In my next post, I'll post some practical ways that we can put ourselves into position for the Spirit to work in our lives. Changes are a coming...!
Thursday, July 02, 2009
This past week, I saw jealousy surface in my now 7 -year old son Zach that I hadn't seen before. As part of our vacation, we took a hike on one of the many trails in Lincoln State Park (Indiana), one of which led to an old but still climbable Fire Tower. We knew we were looking for something to climb but I had no idea that it would be so BIG. I'm not exactly sure of the height, I'm guessing somewhere close to 75 to 80 ft. Anyway, my oldest son Mitchell took right off and began the long ascent up. My daughter Joy (5) wanted to go next, with mom's help of course. Josh (11) made it up a few flights of stairs before deciding that it was too high so he quickly made his way back down. Next in line was Zach - with my help. We made it up to about 30 feet in the air and Zach was visibly scared. And honestly, I'm not that big a fan of heights either so I was a little nervous too! Well, Zach (determined to find the Crystal Skull at the top of the tower) was at his limit. He tried and he tried to talk himself into going further but at the end of the day, he never made it up. And in a vacuum, with no one else around, he would have been alright. But, what made him so mad - bringing out the jealousy like I've never seen before from him - was the fact that his little sister Joy (who's only five) made it all the way up to the top. Honestly, I think (like Cain and Abel) he wanted his little sister dead at that very moment. Seeing her celebrate her long ascent up created a fury in him that I wasn't quite prepared for.
Well, this story reminds me of my own jealous heart at times. We live in a world of constant comparisons. As a pastor, we compare numbers and stats with other pastors. How easily jealousy arises as one pastor describes tremendous success while the other pastor, in comparison, has quite obviously failed. As a father, we compare ourselves with other fathers who seemingly have it all-together and have the father-child thing down-pat. In comparison, we struggle in our child-rearing ability. The result: jealousy. I could go on, but I think you get the point. In our culture, jealousy is a BIG issue, in kids for sure, but perhaps even more so in us as adults. We always tend to want what we don't presently have. And it drives us mad!
So, what' s the answer? After all, Christian's are called not to covet and not to desire what their neighbors and others have. We can try all we want not to want but sometimes that only makes it worse.
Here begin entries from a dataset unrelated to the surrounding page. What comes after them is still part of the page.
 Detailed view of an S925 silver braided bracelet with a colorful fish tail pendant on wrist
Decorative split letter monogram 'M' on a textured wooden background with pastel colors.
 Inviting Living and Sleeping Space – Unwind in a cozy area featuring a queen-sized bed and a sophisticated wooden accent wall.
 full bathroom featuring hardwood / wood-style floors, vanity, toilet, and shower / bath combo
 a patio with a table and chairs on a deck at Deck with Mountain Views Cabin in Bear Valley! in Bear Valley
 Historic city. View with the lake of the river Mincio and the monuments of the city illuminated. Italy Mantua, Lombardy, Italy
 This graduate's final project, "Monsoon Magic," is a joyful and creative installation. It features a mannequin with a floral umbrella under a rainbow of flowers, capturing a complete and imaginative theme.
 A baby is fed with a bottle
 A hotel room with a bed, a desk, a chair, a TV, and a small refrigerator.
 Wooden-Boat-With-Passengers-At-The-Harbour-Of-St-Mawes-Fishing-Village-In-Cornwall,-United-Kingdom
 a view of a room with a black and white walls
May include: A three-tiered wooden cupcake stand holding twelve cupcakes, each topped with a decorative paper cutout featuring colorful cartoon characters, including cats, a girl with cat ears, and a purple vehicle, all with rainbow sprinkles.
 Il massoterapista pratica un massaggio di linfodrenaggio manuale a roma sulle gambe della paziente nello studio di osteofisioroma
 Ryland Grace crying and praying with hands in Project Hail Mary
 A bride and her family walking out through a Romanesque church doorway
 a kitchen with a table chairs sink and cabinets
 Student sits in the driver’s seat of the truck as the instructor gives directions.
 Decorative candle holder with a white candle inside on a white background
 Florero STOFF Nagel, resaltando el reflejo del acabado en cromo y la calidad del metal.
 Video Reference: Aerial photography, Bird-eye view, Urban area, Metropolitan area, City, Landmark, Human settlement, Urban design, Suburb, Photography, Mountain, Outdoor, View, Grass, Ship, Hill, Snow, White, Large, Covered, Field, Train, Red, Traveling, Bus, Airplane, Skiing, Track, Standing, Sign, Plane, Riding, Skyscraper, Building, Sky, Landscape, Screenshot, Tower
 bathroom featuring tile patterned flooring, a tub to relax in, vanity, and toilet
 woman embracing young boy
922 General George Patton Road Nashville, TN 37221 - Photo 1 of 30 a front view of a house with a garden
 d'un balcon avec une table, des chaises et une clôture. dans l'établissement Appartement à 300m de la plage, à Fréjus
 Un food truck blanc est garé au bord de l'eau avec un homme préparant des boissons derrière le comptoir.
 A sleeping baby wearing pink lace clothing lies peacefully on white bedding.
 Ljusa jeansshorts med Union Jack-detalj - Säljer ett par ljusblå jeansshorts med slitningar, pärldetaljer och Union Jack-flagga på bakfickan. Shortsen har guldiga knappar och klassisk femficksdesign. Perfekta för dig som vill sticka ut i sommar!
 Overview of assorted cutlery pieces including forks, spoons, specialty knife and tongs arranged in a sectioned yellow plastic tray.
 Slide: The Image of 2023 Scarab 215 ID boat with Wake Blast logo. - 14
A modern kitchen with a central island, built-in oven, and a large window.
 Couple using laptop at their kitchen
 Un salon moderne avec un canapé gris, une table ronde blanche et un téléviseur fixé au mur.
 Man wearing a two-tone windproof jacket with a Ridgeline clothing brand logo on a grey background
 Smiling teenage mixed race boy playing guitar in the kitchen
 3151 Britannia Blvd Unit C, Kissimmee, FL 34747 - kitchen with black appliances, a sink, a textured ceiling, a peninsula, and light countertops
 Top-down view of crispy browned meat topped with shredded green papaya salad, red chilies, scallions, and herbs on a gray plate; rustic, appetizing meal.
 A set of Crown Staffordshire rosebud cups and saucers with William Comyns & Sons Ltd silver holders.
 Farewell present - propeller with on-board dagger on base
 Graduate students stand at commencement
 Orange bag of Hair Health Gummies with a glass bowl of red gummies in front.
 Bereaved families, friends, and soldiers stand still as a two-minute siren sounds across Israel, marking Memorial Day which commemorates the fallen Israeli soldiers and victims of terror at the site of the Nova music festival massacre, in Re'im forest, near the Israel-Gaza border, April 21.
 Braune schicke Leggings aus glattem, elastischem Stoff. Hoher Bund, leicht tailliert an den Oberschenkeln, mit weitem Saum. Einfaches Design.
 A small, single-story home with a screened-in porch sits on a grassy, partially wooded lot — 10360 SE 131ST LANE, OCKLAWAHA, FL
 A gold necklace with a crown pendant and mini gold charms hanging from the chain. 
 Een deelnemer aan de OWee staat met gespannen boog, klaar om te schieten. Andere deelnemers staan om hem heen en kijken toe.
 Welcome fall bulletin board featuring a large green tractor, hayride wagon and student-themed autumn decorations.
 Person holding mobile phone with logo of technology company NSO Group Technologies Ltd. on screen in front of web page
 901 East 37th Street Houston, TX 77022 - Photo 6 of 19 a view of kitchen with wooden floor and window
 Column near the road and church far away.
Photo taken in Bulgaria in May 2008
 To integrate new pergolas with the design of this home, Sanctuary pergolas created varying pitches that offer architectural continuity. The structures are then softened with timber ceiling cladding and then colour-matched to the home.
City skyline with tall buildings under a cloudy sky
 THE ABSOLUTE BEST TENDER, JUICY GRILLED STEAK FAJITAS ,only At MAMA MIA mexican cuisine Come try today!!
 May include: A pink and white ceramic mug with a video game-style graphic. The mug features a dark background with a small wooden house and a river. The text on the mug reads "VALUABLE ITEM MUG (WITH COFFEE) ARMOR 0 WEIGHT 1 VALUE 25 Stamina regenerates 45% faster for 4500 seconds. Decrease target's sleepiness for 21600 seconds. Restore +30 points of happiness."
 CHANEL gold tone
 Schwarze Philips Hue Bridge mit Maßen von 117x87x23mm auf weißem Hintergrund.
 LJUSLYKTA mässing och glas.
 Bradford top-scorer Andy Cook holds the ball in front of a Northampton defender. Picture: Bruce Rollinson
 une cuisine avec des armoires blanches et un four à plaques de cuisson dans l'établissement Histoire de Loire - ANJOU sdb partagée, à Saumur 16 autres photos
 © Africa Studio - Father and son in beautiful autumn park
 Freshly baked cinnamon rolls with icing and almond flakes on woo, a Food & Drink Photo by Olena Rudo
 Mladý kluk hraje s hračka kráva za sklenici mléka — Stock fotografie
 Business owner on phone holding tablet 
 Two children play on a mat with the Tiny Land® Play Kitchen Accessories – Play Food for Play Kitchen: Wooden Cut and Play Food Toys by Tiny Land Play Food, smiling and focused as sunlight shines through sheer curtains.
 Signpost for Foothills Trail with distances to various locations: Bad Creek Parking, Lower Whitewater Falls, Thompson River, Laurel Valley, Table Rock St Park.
The fact of the matter is this: it's a heart issue that only God can truly relieve us from. It's something that has to be dealt with on the inside before our outside lives (jealousy, anger, resentment, etc...) can ever show signs of rightness and righteousness characterized by joy, peace, patience, love etc... So, quit trying to be good or to be better. Quit trying not to be jealous. It's not likely to work. Instead, relinquish control and allow God to change you from the inside out. More on this tomorrow...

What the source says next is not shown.